The guitars are also great. They're usually going fast, even during slow sections, and give a way a great deal of technical ability, especially during the tastefully used soloing sections. The riffs themselves have a superb sense of melody, never sinking to the death metal cop out of falling back on atonality. They always feel like they're developing, and changing the course of every song. There is a strong atmospheric feel to this album as well, which comes from the melodic elements and gives the album an intense character. It's the same doomy feel as their debut Before the Throne of Infection had, but without the obvious doom influence of that record, and it works very well. The breakdowns are much less metalcore-inspired this time round, but every so often falling back into the old reliance on the bass drop, which they still at least do better than a lot of bands. The vocals are higher and less gurgled than before, which is to say that they're now as low and gurgled as a regular death metal vocalist, and there's no trace of the unremarkable slam death rumble that vocalist Steve Regan adopted the first time round.

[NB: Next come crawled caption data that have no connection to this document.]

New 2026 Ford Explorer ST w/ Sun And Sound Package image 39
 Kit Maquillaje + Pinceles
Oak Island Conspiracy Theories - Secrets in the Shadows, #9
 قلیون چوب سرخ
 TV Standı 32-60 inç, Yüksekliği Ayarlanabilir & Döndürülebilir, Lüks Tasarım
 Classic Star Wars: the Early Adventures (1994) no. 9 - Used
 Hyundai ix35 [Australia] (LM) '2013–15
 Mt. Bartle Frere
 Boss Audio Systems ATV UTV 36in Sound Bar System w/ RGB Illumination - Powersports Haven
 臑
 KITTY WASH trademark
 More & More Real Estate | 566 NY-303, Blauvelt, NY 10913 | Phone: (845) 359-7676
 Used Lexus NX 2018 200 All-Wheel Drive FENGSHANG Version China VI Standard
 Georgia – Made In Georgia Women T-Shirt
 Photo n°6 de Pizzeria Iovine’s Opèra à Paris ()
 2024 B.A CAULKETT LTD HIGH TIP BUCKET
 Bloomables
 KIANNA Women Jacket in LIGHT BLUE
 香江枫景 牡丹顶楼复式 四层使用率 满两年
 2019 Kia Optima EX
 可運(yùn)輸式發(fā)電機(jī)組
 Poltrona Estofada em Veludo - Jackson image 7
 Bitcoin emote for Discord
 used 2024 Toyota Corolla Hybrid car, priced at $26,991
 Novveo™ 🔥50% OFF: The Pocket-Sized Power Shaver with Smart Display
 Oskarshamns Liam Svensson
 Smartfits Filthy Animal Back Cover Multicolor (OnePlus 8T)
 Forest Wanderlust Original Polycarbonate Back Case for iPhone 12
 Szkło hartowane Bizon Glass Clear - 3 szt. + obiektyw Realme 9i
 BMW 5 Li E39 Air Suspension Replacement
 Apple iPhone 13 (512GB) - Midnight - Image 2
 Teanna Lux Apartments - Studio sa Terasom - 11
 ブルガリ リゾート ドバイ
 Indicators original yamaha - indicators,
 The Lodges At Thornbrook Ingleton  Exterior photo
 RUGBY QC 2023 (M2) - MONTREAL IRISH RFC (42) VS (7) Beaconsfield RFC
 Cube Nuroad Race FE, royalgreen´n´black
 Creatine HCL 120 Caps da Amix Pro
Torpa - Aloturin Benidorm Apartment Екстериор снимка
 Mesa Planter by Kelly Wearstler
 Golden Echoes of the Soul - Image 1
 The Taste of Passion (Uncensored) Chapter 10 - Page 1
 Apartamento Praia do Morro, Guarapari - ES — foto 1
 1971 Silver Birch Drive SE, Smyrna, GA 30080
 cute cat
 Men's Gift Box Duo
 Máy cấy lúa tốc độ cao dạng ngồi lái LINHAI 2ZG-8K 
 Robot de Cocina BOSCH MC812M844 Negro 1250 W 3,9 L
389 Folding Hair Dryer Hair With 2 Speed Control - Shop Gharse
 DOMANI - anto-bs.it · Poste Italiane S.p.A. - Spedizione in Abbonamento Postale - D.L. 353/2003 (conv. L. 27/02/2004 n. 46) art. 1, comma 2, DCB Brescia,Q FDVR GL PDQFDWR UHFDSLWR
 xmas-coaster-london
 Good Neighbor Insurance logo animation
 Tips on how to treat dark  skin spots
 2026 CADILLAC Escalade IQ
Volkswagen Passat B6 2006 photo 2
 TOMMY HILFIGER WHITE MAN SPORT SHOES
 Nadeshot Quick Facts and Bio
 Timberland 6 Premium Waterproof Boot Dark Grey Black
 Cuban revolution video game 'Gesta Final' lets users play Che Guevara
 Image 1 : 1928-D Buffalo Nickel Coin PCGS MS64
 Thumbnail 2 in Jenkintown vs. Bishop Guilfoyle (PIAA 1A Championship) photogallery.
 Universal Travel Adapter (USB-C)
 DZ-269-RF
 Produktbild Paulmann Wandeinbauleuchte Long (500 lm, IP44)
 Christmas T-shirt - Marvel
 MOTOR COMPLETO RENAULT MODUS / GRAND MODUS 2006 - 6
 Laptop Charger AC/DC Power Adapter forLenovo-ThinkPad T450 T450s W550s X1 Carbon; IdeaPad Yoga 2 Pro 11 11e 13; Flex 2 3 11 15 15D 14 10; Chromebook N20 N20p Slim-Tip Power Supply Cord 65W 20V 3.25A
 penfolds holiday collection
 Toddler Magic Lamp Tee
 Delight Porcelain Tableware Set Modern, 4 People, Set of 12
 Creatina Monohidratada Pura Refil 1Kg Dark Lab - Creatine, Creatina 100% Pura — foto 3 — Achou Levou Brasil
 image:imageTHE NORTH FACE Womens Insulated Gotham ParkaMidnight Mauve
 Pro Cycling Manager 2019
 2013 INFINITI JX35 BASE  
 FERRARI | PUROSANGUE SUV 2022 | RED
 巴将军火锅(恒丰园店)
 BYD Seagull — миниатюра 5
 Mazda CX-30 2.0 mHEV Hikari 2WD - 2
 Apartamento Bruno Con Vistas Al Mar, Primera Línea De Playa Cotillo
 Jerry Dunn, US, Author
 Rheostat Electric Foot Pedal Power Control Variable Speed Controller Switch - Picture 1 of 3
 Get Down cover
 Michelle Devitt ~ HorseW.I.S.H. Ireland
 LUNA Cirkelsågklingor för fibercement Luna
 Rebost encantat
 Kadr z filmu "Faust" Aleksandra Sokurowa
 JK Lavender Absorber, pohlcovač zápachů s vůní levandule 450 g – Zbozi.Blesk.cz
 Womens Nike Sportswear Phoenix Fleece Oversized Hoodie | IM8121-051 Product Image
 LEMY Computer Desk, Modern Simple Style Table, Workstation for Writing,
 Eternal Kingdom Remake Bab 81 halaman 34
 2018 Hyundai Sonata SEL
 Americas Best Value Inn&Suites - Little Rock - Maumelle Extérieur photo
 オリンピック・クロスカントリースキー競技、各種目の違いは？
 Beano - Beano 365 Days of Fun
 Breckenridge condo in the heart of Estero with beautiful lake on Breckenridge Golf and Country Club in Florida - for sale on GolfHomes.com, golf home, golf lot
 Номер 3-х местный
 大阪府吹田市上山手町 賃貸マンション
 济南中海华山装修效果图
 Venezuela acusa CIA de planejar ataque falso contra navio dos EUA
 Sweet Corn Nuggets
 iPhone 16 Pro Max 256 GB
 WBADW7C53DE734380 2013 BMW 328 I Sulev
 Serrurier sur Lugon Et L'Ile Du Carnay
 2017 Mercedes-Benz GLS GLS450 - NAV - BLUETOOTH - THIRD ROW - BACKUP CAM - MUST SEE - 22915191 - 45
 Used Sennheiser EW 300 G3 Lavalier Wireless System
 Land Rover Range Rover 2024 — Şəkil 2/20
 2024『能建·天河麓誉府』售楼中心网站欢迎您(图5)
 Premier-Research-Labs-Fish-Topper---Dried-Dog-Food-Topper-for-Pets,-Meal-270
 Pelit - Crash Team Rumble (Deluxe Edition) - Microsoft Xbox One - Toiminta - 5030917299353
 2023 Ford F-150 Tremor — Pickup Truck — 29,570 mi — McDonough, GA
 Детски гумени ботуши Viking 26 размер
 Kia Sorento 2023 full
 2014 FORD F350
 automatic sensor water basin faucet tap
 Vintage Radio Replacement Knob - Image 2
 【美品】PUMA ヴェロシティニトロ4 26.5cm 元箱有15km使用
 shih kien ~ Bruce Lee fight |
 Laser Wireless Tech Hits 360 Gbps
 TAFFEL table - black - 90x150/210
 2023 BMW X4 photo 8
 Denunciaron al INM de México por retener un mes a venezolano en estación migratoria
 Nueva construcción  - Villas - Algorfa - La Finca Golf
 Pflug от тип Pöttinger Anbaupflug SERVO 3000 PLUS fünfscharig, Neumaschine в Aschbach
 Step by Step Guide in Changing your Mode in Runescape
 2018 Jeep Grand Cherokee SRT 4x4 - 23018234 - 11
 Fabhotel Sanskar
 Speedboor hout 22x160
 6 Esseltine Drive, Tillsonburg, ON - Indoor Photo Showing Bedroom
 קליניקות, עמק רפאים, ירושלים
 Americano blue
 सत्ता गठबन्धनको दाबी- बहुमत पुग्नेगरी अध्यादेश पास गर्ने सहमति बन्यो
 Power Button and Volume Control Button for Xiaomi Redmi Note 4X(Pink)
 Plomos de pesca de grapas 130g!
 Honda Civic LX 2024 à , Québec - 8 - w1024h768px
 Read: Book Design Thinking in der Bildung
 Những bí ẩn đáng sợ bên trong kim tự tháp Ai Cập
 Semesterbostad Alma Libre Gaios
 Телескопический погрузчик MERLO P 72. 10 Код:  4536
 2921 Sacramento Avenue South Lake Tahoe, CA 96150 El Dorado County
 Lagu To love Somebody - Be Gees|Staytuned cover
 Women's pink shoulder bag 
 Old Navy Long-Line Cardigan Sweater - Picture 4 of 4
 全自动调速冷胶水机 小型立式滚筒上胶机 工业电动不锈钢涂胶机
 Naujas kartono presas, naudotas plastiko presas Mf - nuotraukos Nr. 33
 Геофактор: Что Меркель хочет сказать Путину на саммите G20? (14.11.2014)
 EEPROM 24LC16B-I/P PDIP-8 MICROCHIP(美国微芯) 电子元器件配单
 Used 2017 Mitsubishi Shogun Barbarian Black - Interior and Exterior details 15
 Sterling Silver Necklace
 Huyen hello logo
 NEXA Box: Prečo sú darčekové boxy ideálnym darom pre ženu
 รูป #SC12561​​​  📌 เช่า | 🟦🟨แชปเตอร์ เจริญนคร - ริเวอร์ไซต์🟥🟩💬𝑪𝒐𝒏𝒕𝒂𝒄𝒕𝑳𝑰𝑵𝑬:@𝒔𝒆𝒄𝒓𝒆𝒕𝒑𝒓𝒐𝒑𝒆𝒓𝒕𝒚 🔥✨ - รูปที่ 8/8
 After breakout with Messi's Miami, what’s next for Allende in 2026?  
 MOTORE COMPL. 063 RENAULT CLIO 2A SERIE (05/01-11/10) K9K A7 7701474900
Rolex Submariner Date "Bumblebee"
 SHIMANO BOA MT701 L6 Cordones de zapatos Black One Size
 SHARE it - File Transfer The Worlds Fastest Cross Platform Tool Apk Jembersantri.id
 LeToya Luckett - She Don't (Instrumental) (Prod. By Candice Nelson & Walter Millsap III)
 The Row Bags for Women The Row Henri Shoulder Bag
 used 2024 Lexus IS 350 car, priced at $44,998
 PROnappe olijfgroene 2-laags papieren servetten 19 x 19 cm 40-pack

All this said, Annotations of an Autopsy never have a defining moment here, a particular riff or section which captures the imagination - there's not really a need, since their signature song, Sludge City, has more of this than most bands manage in a career. There is one thing to be said for deathcore that death metal finds much harder to do - memorable moments, like a decent chorus or breakdown. There are moments on this album which stand out, but nothing that grabs you and refuses to let go. For all its re-imagined sophistication, AoaA had, in their dramatic, slow riffs, unparalelled use of gang vocals and sludgy breakdowns, real punch-the-air moments which were unequivocably AoaA moments which defined them and placed them in the hearts of extreme metal fans. They come close - the solo in opener In Snakes I Bathe is the kind of solo they did so well on the last album's Years of Disgust. But no-one remembers the solo in Years of Disgust. They remember the big fuckoff breakdown after it, and I can't help but think that this album is lacking in that kind of memorability.
Nonetheless, while it won't set the world on fire, it is a great contemporary death metal release from a band who show a lot of promise when they're not aching with their desire to be another band. At times, that band takes the helm, and it's them you'll want to listen to.